3.2 Electrochemical mechanism

To evaluate the effect of carbon coating modification, CV and galvanostatic cycling tests were performed over a potential range of 3.0–0.01 V vs. Li/Li⁺ on the uncoated and coated ZnS. As presented in the 1^st CV curve (Fig. 3a), the current drops rapidly at 0.5 V during the first cathodic scan, that corresponds to an activation process due to the initial reduction of ZnS to Zn (or Li_xZn), and initial formation of the solid electrolyte interphase (SEI), resulting in a large amount of Li⁺ consumption.^38,39 In this study, the origin of these peaks will be discussed later based on EIS and ex situ XPS analysis. In the anodic scans, it is noteworthy that a series of peaks at 0.27 V, 0.35 V, 0.57 V, and 0.71 V are present. The peaks are ascribed to multiple steps of the dealloying process (LiZn → Li₂Zn₃ → LiZn₂ → Li₂Zn₅ → LiZn₄).^40–42 After the 1^st lithiation, the main reduction peak at ∼0.6 V in the cathodic scan and main oxidation peak at ∼1.3 V in the anodic scan can be assigned to the desulfidation to zinc and resulfidation to ZnS, respectively. These main redox peaks in the CV curves fade gradually, indicating the unstable structure of bare ZnS. In the galvanostatic cycling, bare ZnS displays high irreversible capacity at the 1^st cycle (910 mA h g⁻¹), and a fast capacity fade in the following cycles (from 2100 mA h g⁻¹ at the 1^st cycle to 1190 mA h g⁻¹ at the 2^nd cycle, and 650 mA h g⁻¹ at the 10^th cycle, see Fig. 3c).

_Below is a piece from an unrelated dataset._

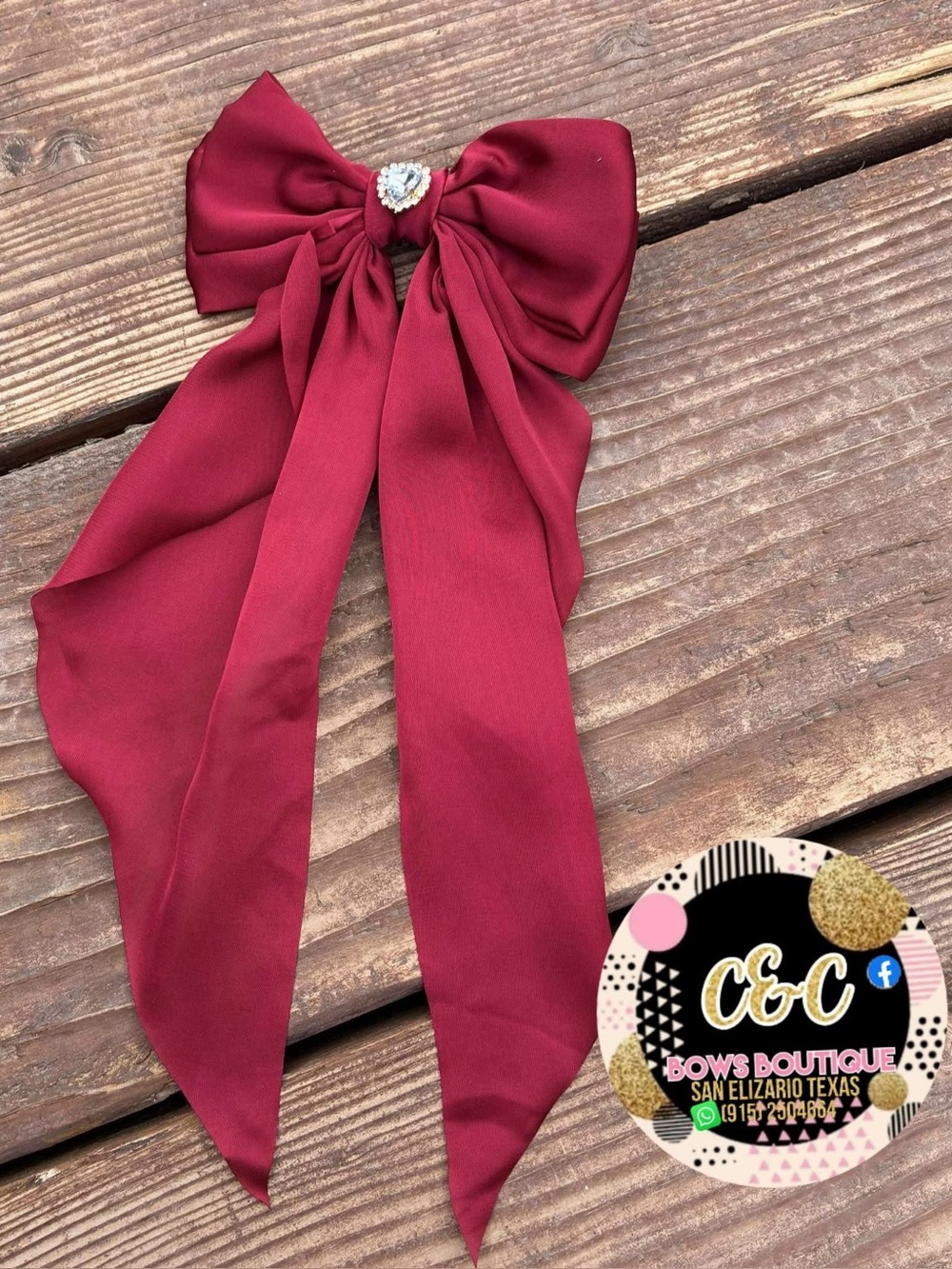 Elegant wine hair bow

Fig. 3 CV curves of the 1^st to 50^th cycles at a scan rate of 0.1 mV s⁻¹: (a) ZnS and (b) ZnS-C/G; galvanostatic cycling profiles of the 1^st to 10^th cycles at a current density of 0.5 A g⁻¹: (c) ZnS and (d) ZnS-C/G.

The CV scans of the carbon-coated ZnS-C/G material show in principle the same anodic and cathodic peaks as the uncoated material. However, the fade of the redox peaks is much less, indicating improved structural and electrochemical stability of the ZnS-C/G electrode (see Fig. 3b). In addition, the polarization of the ZnS-C/G electrode is reduced to 0.56 V compared to that of bare ZnS (0.63 V), which is ascribed to the improvement of the bulk conductivity of the ZnS-C/G electrode via the carbon coating. The improved reversibility of the ZnS-C/G electrode can also be viewed on the consecutive galvanostatic cycling (Fig. 3d). The irreversible capacity at the 1^st cycle (213 mA h g⁻¹) is much lower than that of ZnS (910 mA h g⁻¹), indicating that fewer Li⁺ ions are consumed in this irreversible SEI formation.⁴³ This can indicate that the carbon coating acts as a protection shell on the ZnS particles preventing SEI formation directly on the ZnS particles. In addition, the ZnS-C/G electrode maintains high capacity during the subsequent cycles (800 mA h g⁻¹ at the 2^nd cycle and 780 mA h g⁻¹ at the 10^th cycle). These electrochemical results suggest that it is promising to achieve long-term reversible cycling with the ZnS-C/G material.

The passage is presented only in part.